Социальное производство граждан

Вместо того, что ограничивать понятие гражданского общества определением с точки зрения экономики, частной сферы семьи и / или титульного [“primordial”] этноса как особой сферы, где развивается государственное гражданство, нам кажется более продуктивным задаться вопросом о том, какой тип граждан создает данное общество в данный период. На вопросы такого типа нельзя верно ответить, ссылаясь на количество добровольных объединений. Например, в Скандинавии и Соединенных Штатах существует очень большое количество добровольных объединений, и эти государства являются стабильными демократиями. Однако их правительства проводят очень разную политику, и характер гражданского вклада в политический процесс между ними также сильно различается.

Таким образом, нужно поставить следующие вопросы:

Распределение [allocation] экономических, социальных и культурных ресурсов среди граждан, доступный объем таких ресурсов и их распространение [distribution] между ними.

Предоставление ролевых моделей и ролевых образцов <поведения>.

Историческая структурация [structuration] ожиданий и страхов по отношению к жизни и обществу.

Структуры возможности [opportunity].

Вышесказанного может хватить для научной программы широкомасштабного социального исследования, но это также можно рассмотреть в более сжатом виде, как то, о чем многие заинтересованные и информированные граждане хорошо осведомлены. С обоих углов зрения открывается перспектива, которую современная нормативистская дискуссия о гражданском обществе пытается скрыть или затуманить.

33

Социологическое обозрение Том 3. № 3. 2003

Публичная сфера как реальность

Юрген Хабермас (1962) провел блестящее эмпирическое историческое исследование неуловимого [elusive], но важного социального явления, Offentlichkeit, которое обычно на английский язык переводится как «публичная сфера» [“public sphere”]. Однако в современной теоретической дискуссии, представленной в работе самого Хабермаса, нормативные идеалы публичной сферы вытеснили анализ того, каким образом на самом деле функционирует публичная сфера.

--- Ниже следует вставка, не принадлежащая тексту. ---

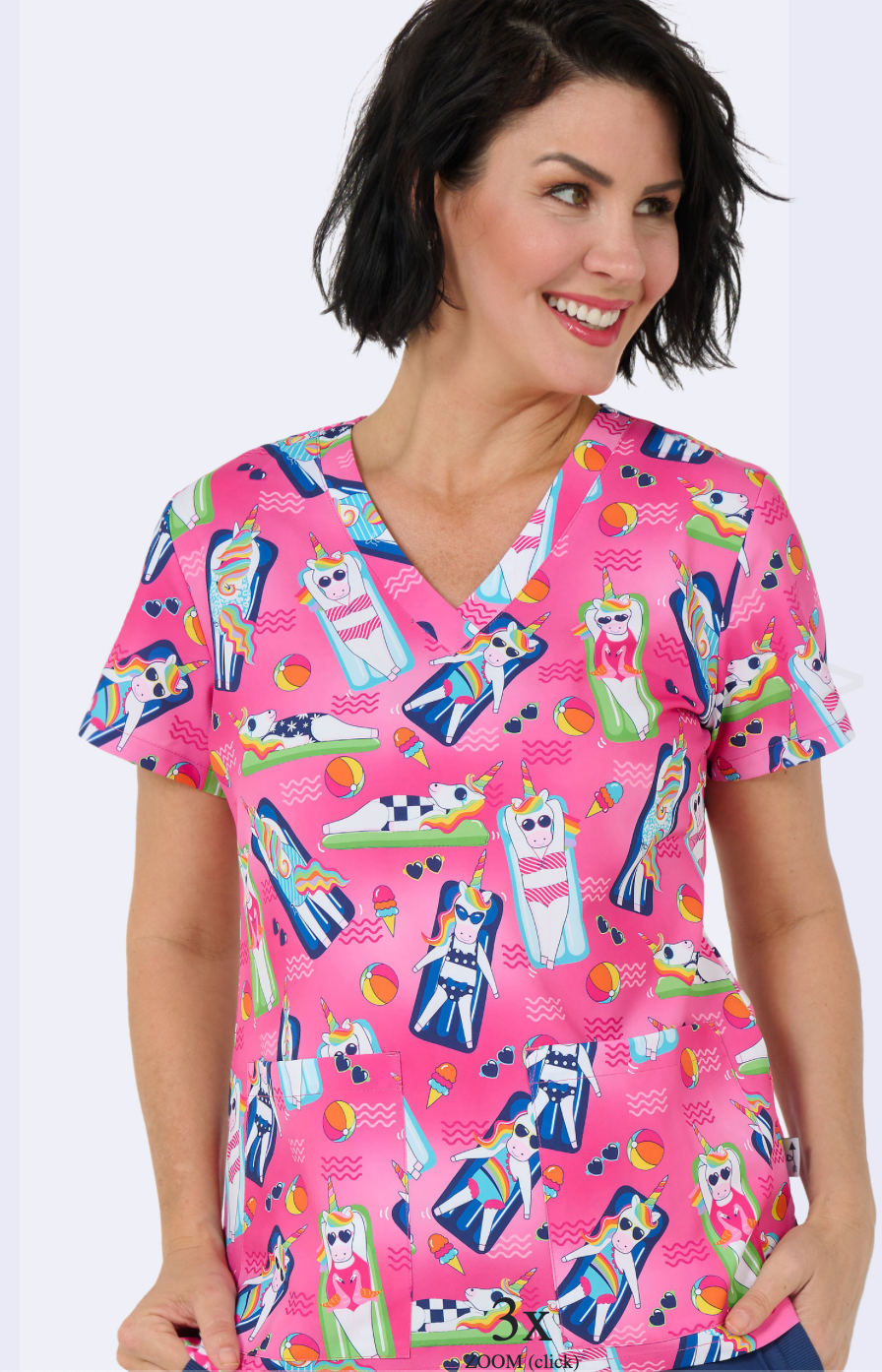 Zavate Poolside Unicorns  Women&#39;s Scrub Top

Если кто-то захочет подвергнуть понятие публичной сферы теоретически релевантному анализу, продуктивным может оказаться представление ее как «поля» в терминах Пьера Бурдье (Bourdieu, 1992), то есть как поля силы и сражений, а не как интеллектуальную беседу в кафе. Это может повлечь за собой исследование топографии публичного ландшафта. То есть исследование каналов и «шлюзов» в публичной дискуссии; взаимосвязей различных «субполей» или сообществ [publics], например, организаций или СМИ; путей на вершину, к общественному лидерству или встречающихся на этом пути ловушек. Как накапливается «публичный (общественный) [public(icity)] капитал» и как он трансформируется в «политический капитал»?

Транс-культурные, надгосударственные нормативные порядки

Если что-нибудь из критики, высказанной выше в адрес современного дискурса о гражданском обществе, является верным, тогда не следует многого ожидать от недавних разговоров и надежд по поводу европейского или глобального гражданского общества. Повторим: установление такого общества будет безусловно хорошо с демократической точки зрения, но нормативный фокус, вероятно, затуманит видение основных проблем.

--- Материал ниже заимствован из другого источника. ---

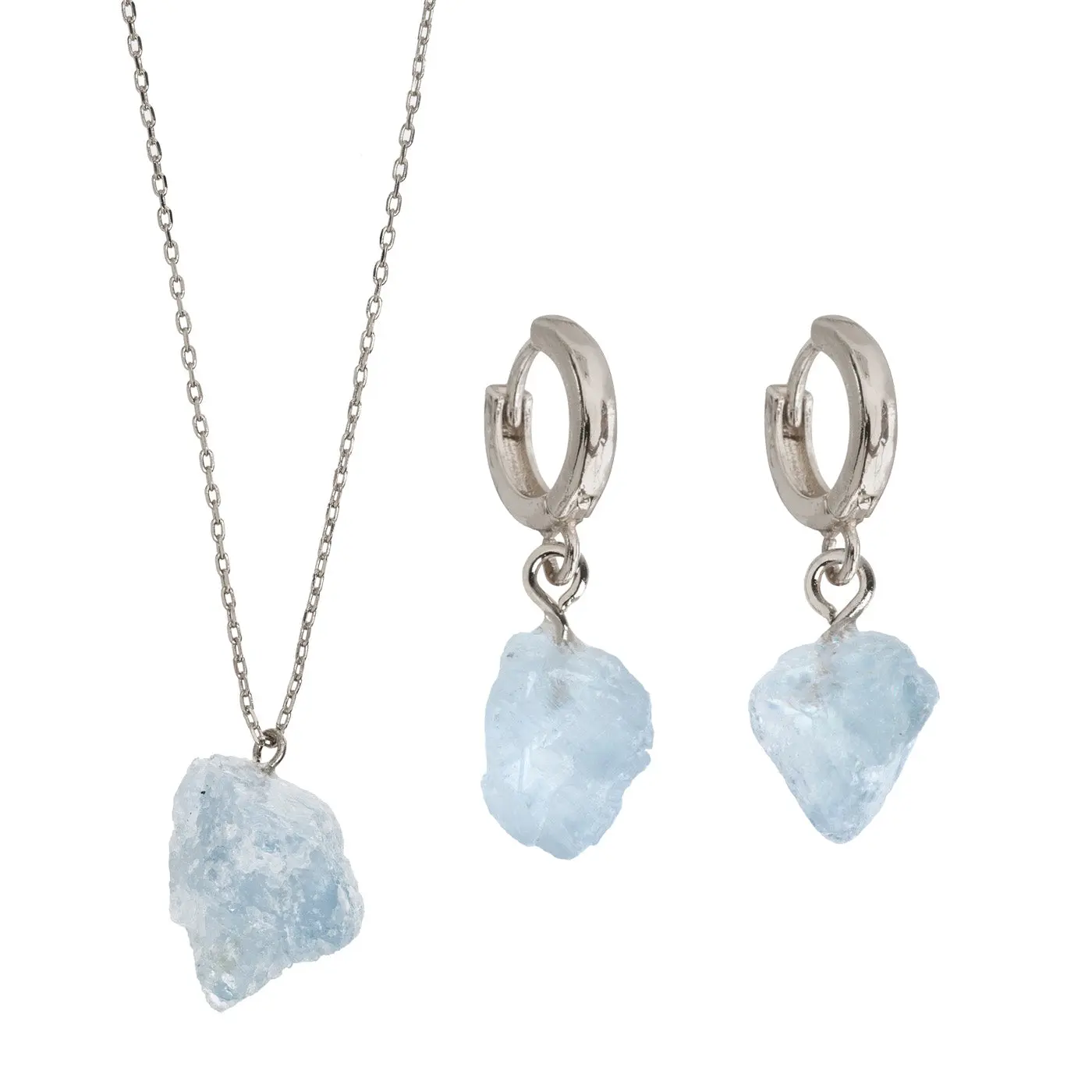 Halvädelstensset med halsband och örhängen - Silver - Image 15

Чтобы разобраться в попытках установления и незрелом развитии надгосударственных и транс-культурных нормативных порядков, как глобальных, так и региональных, нам кажется более важным не упустить из виду нечто такое, что дискурс о гражданском обществе стремится не определять,- т. е. сложное положение и взаимодействия государственных и негосударственных акторов. В обозримом будущем именно такие союзы и такие взаимодействия будут определять характер глобального и регионального управления, где последнее не является целиком прерогативой ни государства, ни Европейского Союза. И проблема «демократического дефицита» в Европейском Союзе - это проблема не столько отсутствия интеграции национальных гражданских обществ, сколько внезапной изоляции Союза и состоящих в нем государств от общественного влияния, например, в новых ключевых сферах монетарной и военной политики (война в Косово и др.).

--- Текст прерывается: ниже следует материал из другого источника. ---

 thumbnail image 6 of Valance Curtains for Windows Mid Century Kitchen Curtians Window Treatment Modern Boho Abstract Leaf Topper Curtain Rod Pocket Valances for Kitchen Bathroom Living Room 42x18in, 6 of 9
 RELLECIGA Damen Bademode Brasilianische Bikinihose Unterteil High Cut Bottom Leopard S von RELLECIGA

Рост и политическое признание обладающих ресурсами международных негосударственных организаций и их включение в механизм ЕС - конференции, выработку решений и соглашений - представляют собой крайне важные нововведения. Тем не менее, они не означают освобождения международного гражданского общества от национальных государств и их международных организаций. Образцом, скорее, служат некоторые НКО и государства, старающиеся объединиться с целью влияния на другие государства. Новая международная судебная власть, проявившая себя в наибольшей степени в Трибунале по военным преступлениям по делу бывшей Югославии и в деле Пиночета, является по существу международным делом. Глобальное спутниковое телевидение - это действительно новая публичная сфера, но ее отличие - как в значительной степени асимметричной коммуникации - от агоры или салона [salon] кажется достаточно очевидным, чтобы сомневаться в обозначении его как глобального гражданского общества в процессе становления.

34

Социологическое обозрение Том 3. № 3. 2003

Это именно новые модели межгосударственного взаимодействия, взаимодействия национального государства и НКО, а также национального государства и глобальных СМИ в суматохе ускоряющихся или изменяющихся глобальных процессов финансирования, торговли, миграции и культурных столкновений, которые нужно раскрыть, оценить и действовать в соответствие с ними.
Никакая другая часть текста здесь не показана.